Des scientifiques ont découvert un fossile de tortue marine vieux de 50 millions d'années, Syriemys lelunensis, en Syrie. Près de la ville syrienne d'Afrin, une équipe internationale de scientifiques composée de membres du Centre Senckenberg pour l'évolution humaine et le paléoenvironnement de l'Université de Tübingen a découvert le fossile d'une espèce de tortue marine jusqu'alors inconnue. L'espèce, dirigée par l'Université de São Paulo et nommée « Syriemys lelunensis », remonte au début de l'Éocène, il y a environ 50 millions d'années.

Carapace de Syriemys lelunensis : Le nom du genre combine les mots grecs Συρία (Suría) et ἐμύς (emús), signifiant « Syrie » et « tortue ». Crédit photo : Wafa Adel Alhalabi
La découverte comprend un moulage entièrement conservé de la coquille, ainsi que des parties du plastron, du bassin et des membres postérieurs. Il s’agit de la première espèce fossile de vertébré officiellement décrite en Syrie. La carapace fossile est de forme ovale et bien conservée, mesurant 53 cm de long et 44 cm de large.
"Ces fragments de squelettes de l'Éocène ont été découverts en 2010 lors d'un dynamitage dans la carrière d'Al-Zarefeh près d'Afrin et sont stockés dans les bureaux de la Direction générale de la géologie et des ressources minérales à Alep depuis 13 ans", explique Wafa Adel Alhalabi, paléontologue syro-brésilien à l'Université de São Paulo au Brésil et auteur principal de l'étude. Elle a ajouté : "Avec des collègues du Brésil, de Syrie, d'Allemagne, du Liban et du Canada, nous sommes enfin en mesure de fournir une description scientifique de cet animal."
L'espèce, Syriemys lelunensis, est le premier et le seul vertébré fossile officiellement décrit à ce jour en Syrie. Cette découverte constitue également la première preuve connue de l'existence des Stereogenyini, un groupe éteint de tortues à cou latéral qui a évolué plus de 10 millions d'années plus tôt.
Le matériel fossile comprend un moulage entièrement préservé de l'intérieur de la carapace, ainsi que des parties de la coquille ventrale, des os pelviens et des membres postérieurs, dont certains ont été incorporés dans le moulage lui-même.
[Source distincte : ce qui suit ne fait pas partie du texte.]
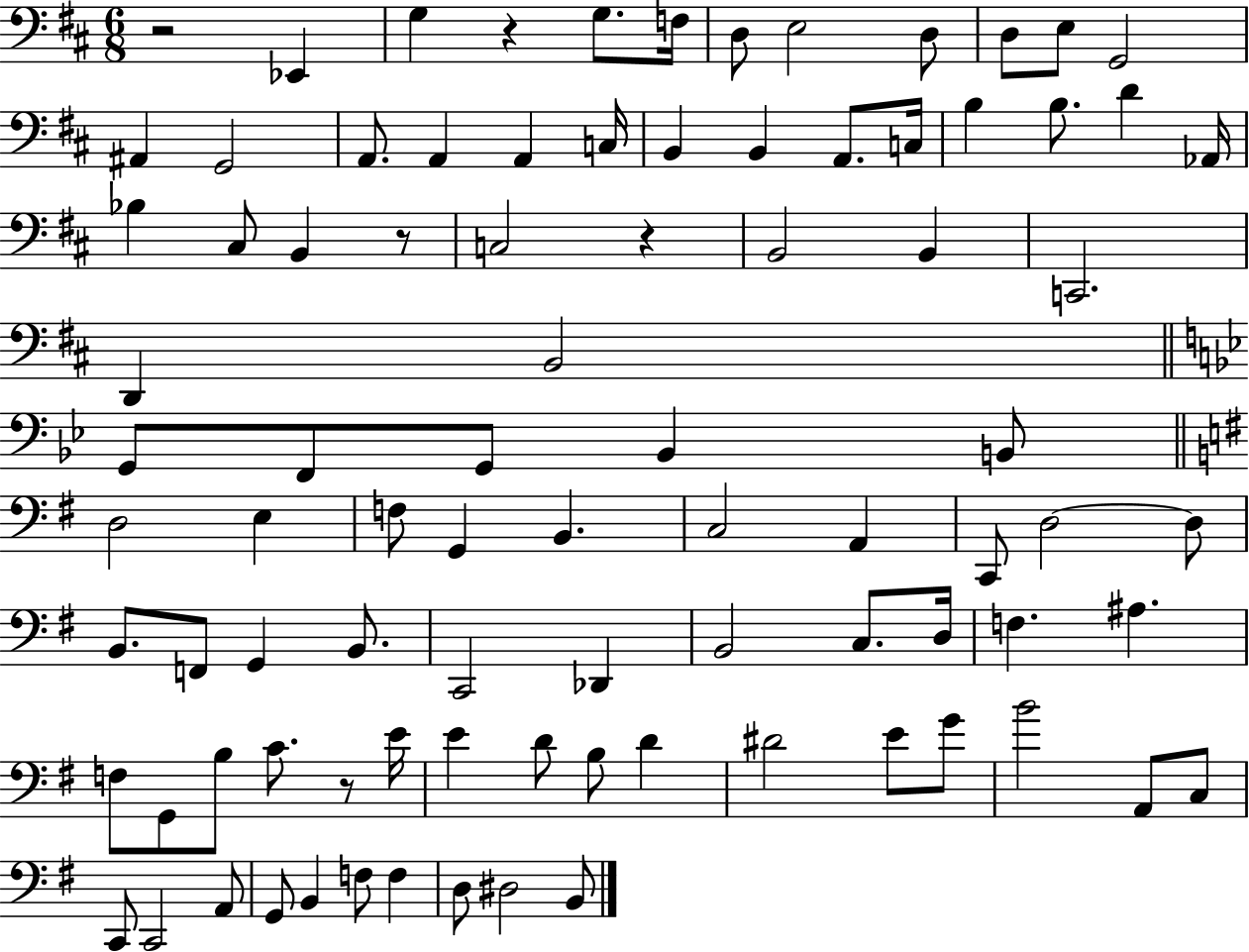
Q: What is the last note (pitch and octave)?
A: B2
Pour déterminer l’âge des fossiles, les chercheurs ont analysé de minuscules foraminifères extraits des roches environnantes.
"Ces protozoaires à carapace sont essentiels pour déterminer l'âge des fossiles de tortues", a noté Alhalabi.
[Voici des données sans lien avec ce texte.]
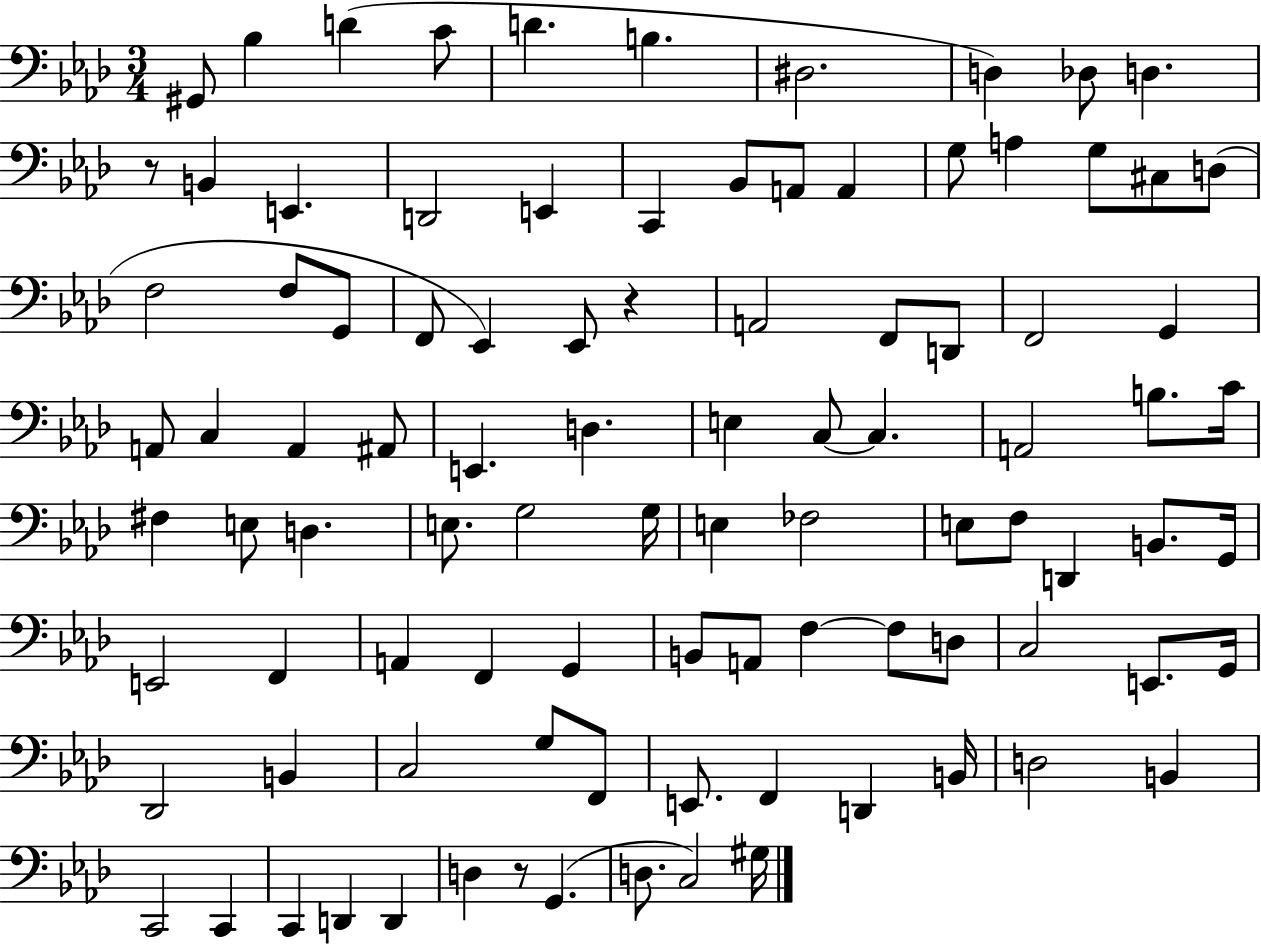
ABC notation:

X:1
T:Untitled
M:3/4
L:1/4
K:Ab
^G,,/2 _B, D C/2 D B, ^D,2 D, _D,/2 D, z/2 B,, E,, D,,2 E,, C,, _B,,/2 A,,/2 A,, G,/2 A, G,/2 ^C,/2 D,/2 F,2 F,/2 G,,/2 F,,/2 _E,, _E,,/2 z A,,2 F,,/2 D,,/2 F,,2 G,, A,,/2 C, A,, ^A,,/2 E,, D, E, C,/2 C, A,,2 B,/2 C/4 ^F, E,/2 D, E,/2 G,2 G,/4 E, _F,2 E,/2 F,/2 D,, B,,/2 G,,/4 E,,2 F,, A,, F,, G,, B,,/2 A,,/2 F, F,/2 D,/2 C,2 E,,/2 G,,/4 _D,,2 B,, C,2 G,/2 F,,/2 E,,/2 F,, D,, B,,/4 D,2 B,, C,,2 C,, C,, D,, D,, D, z/2 G,, D,/2 C,2 ^G,/4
Wafa Adel Alhalabi étudie une espèce de tortue marine récemment découverte. Crédit photo : Wafa Adel Alhalabi
"Aujourd'hui, tous les membres de la famille des tortues à cou latéral sont des tortues d'eau douce semi-aquatiques. Cependant, les tortues à cou latéral, aujourd'hui disparues, habitaient également des environnements d'eau salée. C'est pourquoi leurs fossiles se trouvent partout dans le monde : Amérique du Sud, Amérique du Nord, Caraïbes, Afrique et Asie de l'Est", explique le Dr Gabriel S. Ferreira du Centre Senckenberg pour l'évolution humaine et la recherche paléoenvironnementale de l'Université de Tübingen.
La Syrie actuelle a été recouverte d'eau de mer tout au long du Crétacé jusqu'à la fin du Miocène (c'est-à-dire il y a 145 millions d'années à environ 5,3 millions d'années). Compte tenu d’une histoire maritime si riche, la découverte de tortues marines n’a pas été une surprise pour Ferreira. "Cependant, la découverte de Syriemys lelunensis ajoute une nouvelle situation géographique à la répartition des Stereogenyini - et il existe des indications claires que ce groupe de tortues pourrait être originaire de la Méditerranée."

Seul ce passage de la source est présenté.